■ **Aim of the exercise**
Output the listing word for word, minus images.

■ **Dataset excerpt**
BEGIN

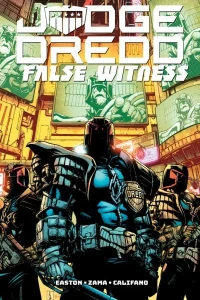 Judge Dredd: False Witness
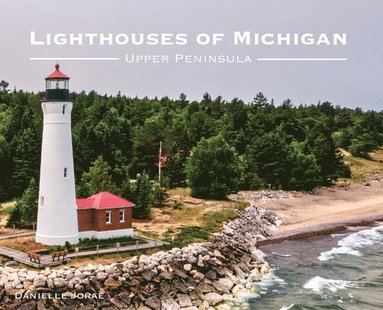 bokomslag Lighthouses of Michigan - Upper Peninsula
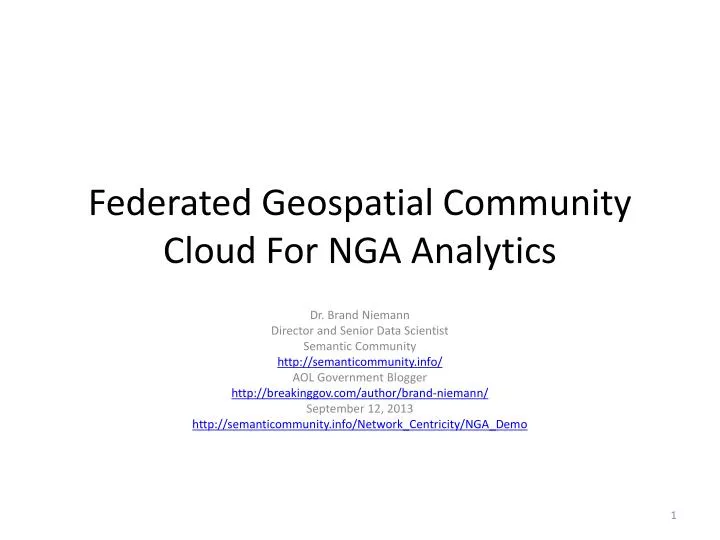 federated geospatial community cloud for nga analytics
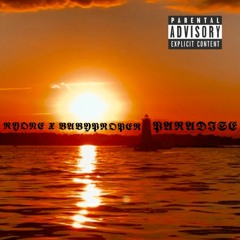 Paradise ft. BabyProper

END

■ **Expected answer**
 Judge Dredd: False Witness
 bokomslag Lighthouses of Michigan - Upper Peninsula
 federated geospatial community cloud for nga analytics
 Paradise ft. BabyProper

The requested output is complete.